[Gluster-devel] Re: AFR documentation

vikas at zresearch.com (Vikas Gorur) · Fri, 19 Dec 2008 23:17:52 +0530

2008/12/18 Martin Fick <mogulguy at yahoo.com>:
On Thu, 12/18/08, Martin Fick wrote:

> I have some questions about things that were perhaps implied in the
>document, but not really discussed.  It sounds like the 5 step write
>process lays the foundations for transaction based writes and
>efficient self healing?  I am curious how many of the failures cases
>are currently dealt with besides the mentioned split brain
>problems.  Are there any rollback procedures implemented?  It seems
>likely the intent, I am just trying to clarify the current
>functionality.

First off, it would be a misnomer to call it "transaction" (even though
you will see the term used in the code) because in actual database
transactions a complete record is kept about *what changed*. In AFR we
only keep track that *something changed*, and it is up to the
self-heal logic to figure out what changed (permissions, existence of
the file itself, or file contents) and do the appropriate thing.

>  For example:  what happens if the client dies between step 2 and
> 3? The client has 1. locked file (or directory) on all of the lock
> servers and 2. written the change log entries on all servers, and
> then dies.  Will the lock timeout?

Yes, the lock will be released if and when the client dies.

> If so, does another client then know how to (is it capable of)
> either complete the write or roll it back at this point?  What if
> the client failure occurs after or during any of the other steps, can
> the entire process be either moved forward or rolled back (yet)?
> With this 5 step process, it seems like a guaranteed rollback
> should be possible anytime before step 3 and a commit should be
> possible anytime after step 2 (even if only completed on one
> server). Is that correct?

What is guaranteed by the 5-step algorithm is that:

"as long as an operation (i.e., the actual file operation like write or
create) succeeds on atleast one node, the self-heal logic will bring
all the other nodes up-to-date as and when they come up"

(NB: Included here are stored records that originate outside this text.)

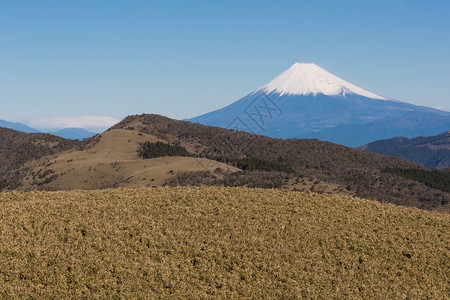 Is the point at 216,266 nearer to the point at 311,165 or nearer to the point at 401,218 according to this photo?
the point at 401,218

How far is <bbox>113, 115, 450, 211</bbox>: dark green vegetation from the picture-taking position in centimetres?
4098

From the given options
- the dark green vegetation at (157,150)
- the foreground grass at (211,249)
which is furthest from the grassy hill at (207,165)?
the foreground grass at (211,249)

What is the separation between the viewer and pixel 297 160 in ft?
231

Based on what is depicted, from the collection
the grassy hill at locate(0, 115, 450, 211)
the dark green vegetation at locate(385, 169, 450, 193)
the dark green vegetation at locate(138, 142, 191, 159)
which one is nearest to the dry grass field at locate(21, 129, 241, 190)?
the grassy hill at locate(0, 115, 450, 211)

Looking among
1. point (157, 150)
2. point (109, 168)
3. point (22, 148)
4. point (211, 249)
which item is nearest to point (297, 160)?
point (157, 150)

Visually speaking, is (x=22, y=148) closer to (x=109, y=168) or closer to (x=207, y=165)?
(x=109, y=168)

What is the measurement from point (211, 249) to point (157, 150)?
186 feet

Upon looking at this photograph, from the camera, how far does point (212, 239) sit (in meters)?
12.0

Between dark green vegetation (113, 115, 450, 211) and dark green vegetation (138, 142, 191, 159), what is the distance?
466cm

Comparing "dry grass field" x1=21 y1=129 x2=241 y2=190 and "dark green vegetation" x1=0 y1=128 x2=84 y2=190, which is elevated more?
"dark green vegetation" x1=0 y1=128 x2=84 y2=190

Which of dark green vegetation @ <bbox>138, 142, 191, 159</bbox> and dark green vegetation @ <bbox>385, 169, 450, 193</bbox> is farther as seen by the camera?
dark green vegetation @ <bbox>138, 142, 191, 159</bbox>

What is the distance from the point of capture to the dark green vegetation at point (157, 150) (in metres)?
65.6

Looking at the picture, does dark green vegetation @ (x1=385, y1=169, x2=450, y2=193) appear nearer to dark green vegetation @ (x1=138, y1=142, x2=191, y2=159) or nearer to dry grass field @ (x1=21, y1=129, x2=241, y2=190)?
dry grass field @ (x1=21, y1=129, x2=241, y2=190)

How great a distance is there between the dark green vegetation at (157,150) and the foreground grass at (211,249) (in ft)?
164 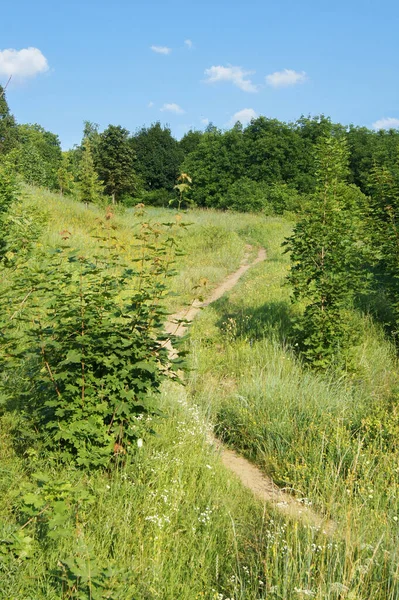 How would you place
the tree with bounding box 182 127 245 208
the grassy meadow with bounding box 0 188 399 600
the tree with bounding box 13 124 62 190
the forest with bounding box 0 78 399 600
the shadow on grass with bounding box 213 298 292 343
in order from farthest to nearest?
the tree with bounding box 182 127 245 208 < the tree with bounding box 13 124 62 190 < the shadow on grass with bounding box 213 298 292 343 < the forest with bounding box 0 78 399 600 < the grassy meadow with bounding box 0 188 399 600

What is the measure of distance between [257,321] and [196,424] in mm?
4645

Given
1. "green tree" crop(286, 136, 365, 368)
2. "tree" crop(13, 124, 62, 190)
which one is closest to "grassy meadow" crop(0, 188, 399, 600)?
"green tree" crop(286, 136, 365, 368)

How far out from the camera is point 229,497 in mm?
4375

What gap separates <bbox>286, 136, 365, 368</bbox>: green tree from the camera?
7855mm

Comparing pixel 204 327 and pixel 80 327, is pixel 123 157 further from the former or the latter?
pixel 80 327

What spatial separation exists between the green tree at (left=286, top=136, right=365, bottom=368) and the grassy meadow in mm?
398

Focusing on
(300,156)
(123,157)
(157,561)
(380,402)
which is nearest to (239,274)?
(380,402)

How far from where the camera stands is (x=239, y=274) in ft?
54.9

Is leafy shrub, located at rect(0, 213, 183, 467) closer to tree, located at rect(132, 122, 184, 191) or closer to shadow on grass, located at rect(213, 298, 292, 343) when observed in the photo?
shadow on grass, located at rect(213, 298, 292, 343)

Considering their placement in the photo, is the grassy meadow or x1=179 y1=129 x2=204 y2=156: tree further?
x1=179 y1=129 x2=204 y2=156: tree

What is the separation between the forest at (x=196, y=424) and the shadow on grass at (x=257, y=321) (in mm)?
63

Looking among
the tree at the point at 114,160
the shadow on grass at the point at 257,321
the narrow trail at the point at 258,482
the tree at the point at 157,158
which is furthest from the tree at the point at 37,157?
the tree at the point at 157,158

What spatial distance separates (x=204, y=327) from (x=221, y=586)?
23.2ft

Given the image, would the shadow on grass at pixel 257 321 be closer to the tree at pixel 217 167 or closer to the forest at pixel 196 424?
the forest at pixel 196 424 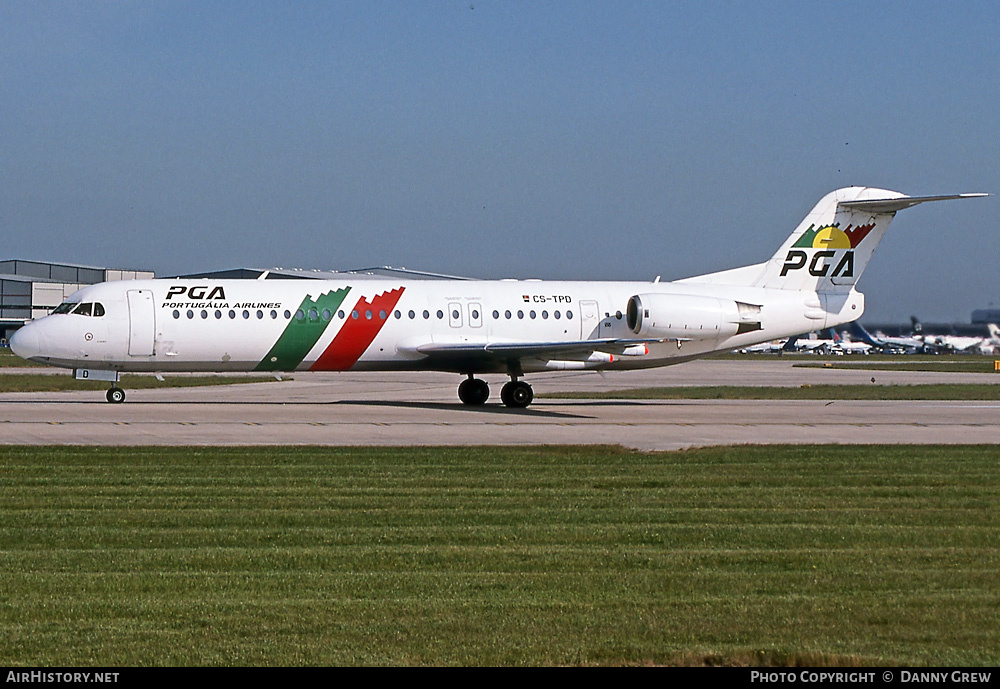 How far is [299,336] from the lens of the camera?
106 feet

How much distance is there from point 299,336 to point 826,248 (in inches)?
605

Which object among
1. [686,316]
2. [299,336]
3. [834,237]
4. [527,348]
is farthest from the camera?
[834,237]

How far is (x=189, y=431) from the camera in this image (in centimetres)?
2366

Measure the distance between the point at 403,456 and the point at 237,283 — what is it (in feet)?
50.0

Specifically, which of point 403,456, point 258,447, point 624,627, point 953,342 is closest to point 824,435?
point 403,456

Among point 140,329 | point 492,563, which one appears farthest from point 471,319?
point 492,563

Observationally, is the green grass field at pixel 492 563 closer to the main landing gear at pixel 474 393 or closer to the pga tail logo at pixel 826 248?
the main landing gear at pixel 474 393

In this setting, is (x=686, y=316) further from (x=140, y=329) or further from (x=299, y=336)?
(x=140, y=329)

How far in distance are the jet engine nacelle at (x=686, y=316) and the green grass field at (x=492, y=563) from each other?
15919 mm

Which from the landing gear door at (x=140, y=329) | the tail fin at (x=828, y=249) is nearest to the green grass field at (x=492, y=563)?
the landing gear door at (x=140, y=329)

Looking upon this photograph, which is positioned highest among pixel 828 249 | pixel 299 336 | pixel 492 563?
pixel 828 249

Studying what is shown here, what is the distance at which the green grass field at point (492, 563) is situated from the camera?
25.3 feet

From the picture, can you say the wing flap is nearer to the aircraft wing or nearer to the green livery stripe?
the aircraft wing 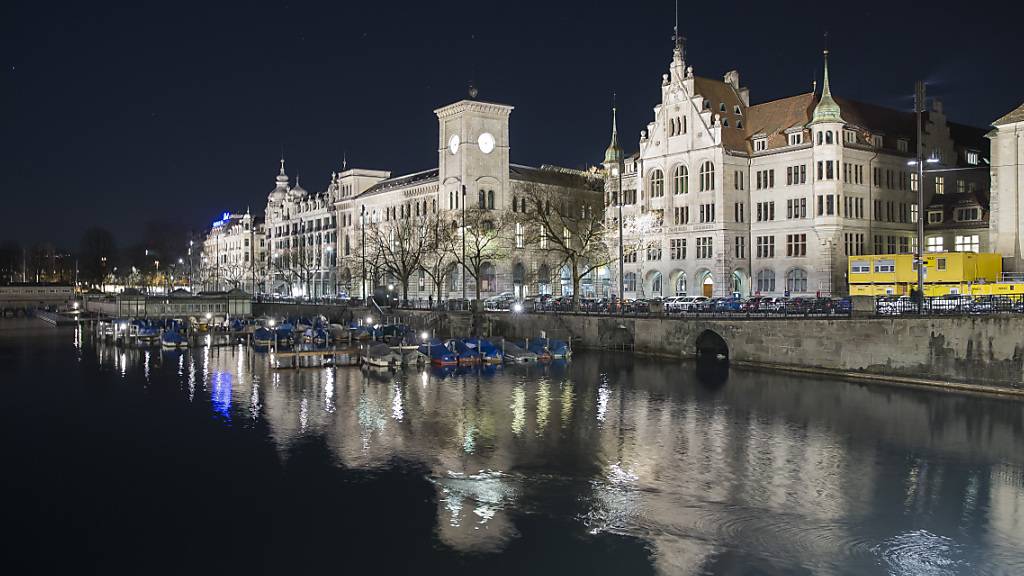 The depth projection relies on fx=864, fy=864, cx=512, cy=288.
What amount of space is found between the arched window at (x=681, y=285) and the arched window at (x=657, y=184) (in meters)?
8.83

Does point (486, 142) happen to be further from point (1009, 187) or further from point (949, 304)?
point (949, 304)

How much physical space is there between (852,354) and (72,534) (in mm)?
42141

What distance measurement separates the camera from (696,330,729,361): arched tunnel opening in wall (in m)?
64.6

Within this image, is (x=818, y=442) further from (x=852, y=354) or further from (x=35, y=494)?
(x=35, y=494)

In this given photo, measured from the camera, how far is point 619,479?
98.1 feet

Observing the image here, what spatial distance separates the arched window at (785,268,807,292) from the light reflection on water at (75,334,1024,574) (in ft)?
99.8

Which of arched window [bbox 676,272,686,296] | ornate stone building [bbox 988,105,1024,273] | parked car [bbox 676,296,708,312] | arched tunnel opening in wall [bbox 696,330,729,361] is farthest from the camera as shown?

If the procedure fails on all nodes before it gets to stage 3 (i.e., the actual
operation like write or create), then it will be as if nothing ever
happened (this situation will trigger a spurious self-heal but since
none of the copies
have been modified this is harmless).

The important caveat here is the split-brain case (as explained in the
documentation).

If a split-brain case happens (either the network being split into two
and two independent clients writing to the pieces of the network, or
the network being split in time, that is one server goes down and when
it comes back up the other server goes down), then there is nothing
AFR can do.

If the split-brain case happens, AFR gives you two options:

1) Disallow opening of the file (file open fails with "I/O error" and
a log message telling you to manually delete one copy). This is the
default because we don't want GlusterFS to lose user data
accidentally.

or

2) You can specify one of the subvolumes as the "favorite-child" and
the copy on that server/subvolume will be used as the definitive one
and self-heal will sync all other copies with the "favorite-child"
copy.

In future we hope to make this process easier through either the web
interface or some scripts/tools which will allow you to perform the
task of deletion in an easier way.

Vikas
-- 
Engineer - Z Research
http://gluster.com/